- YOUR TASK -
With the line containing "Білий Фольксваген e-Golf, об'ємом" as the start and the line containing "Puerto Madero 38th" as the end, transcribe that span of the entries below exactly, including both.

- INFORMATION PROVIDED -
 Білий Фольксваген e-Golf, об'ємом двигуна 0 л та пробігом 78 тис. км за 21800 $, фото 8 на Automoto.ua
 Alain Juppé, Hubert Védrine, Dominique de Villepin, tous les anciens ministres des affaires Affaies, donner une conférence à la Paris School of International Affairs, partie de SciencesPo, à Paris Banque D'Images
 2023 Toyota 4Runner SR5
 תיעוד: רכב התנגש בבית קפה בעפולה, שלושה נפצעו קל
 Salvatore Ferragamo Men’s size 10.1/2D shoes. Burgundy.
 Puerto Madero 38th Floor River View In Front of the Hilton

--

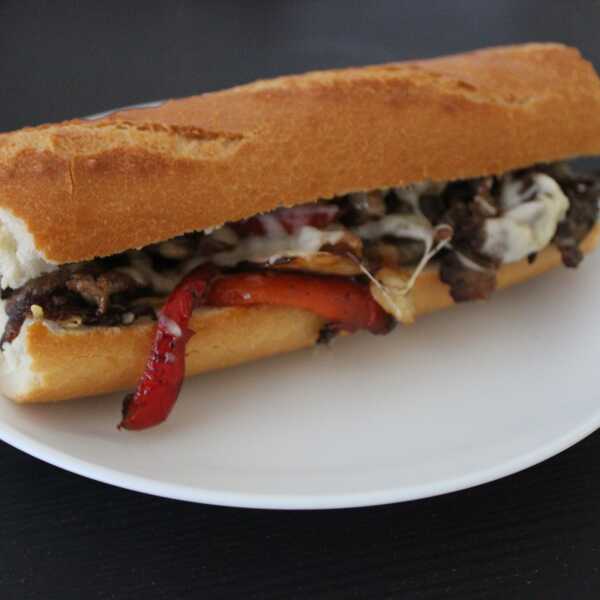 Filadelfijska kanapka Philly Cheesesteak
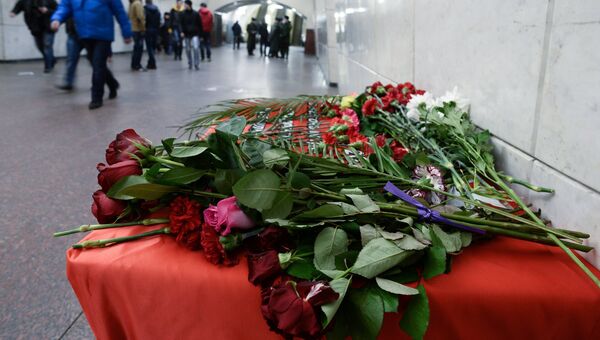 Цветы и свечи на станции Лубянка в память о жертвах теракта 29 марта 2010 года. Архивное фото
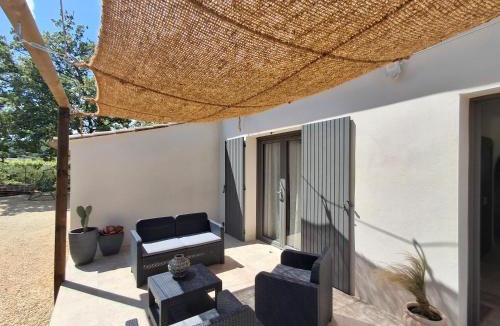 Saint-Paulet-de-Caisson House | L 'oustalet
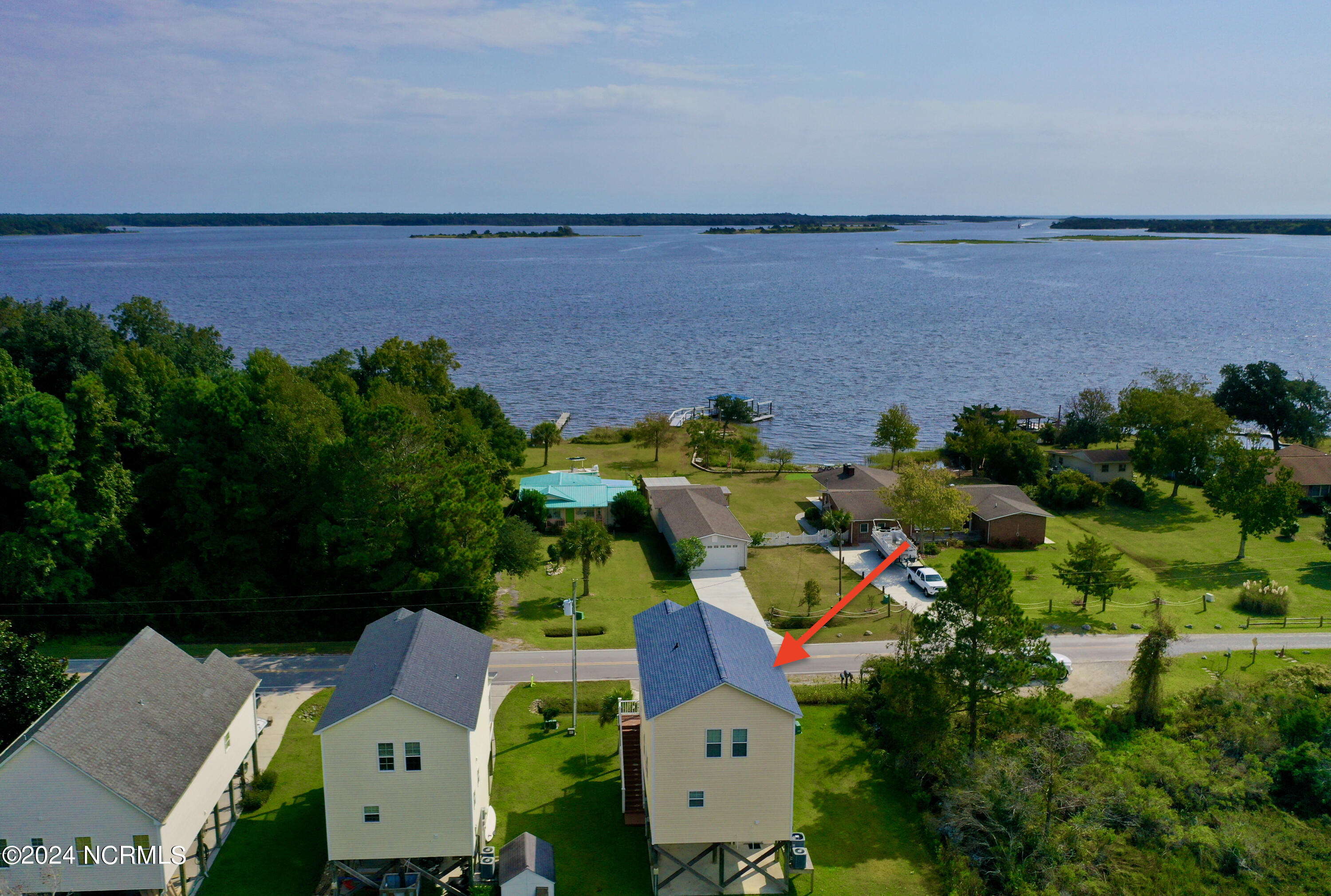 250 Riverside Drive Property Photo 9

- WRITTEN REPLY -
 Білий Фольксваген e-Golf, об'ємом двигуна 0 л та пробігом 78 тис. км за 21800 $, фото 8 на Automoto.ua
 Alain Juppé, Hubert Védrine, Dominique de Villepin, tous les anciens ministres des affaires Affaies, donner une conférence à la Paris School of International Affairs, partie de SciencesPo, à Paris Banque D'Images
 2023 Toyota 4Runner SR5
 תיעוד: רכב התנגש בבית קפה בעפולה, שלושה נפצעו קל
 Salvatore Ferragamo Men’s size 10.1/2D shoes. Burgundy.
 Puerto Madero 38th Floor River View In Front of the Hilton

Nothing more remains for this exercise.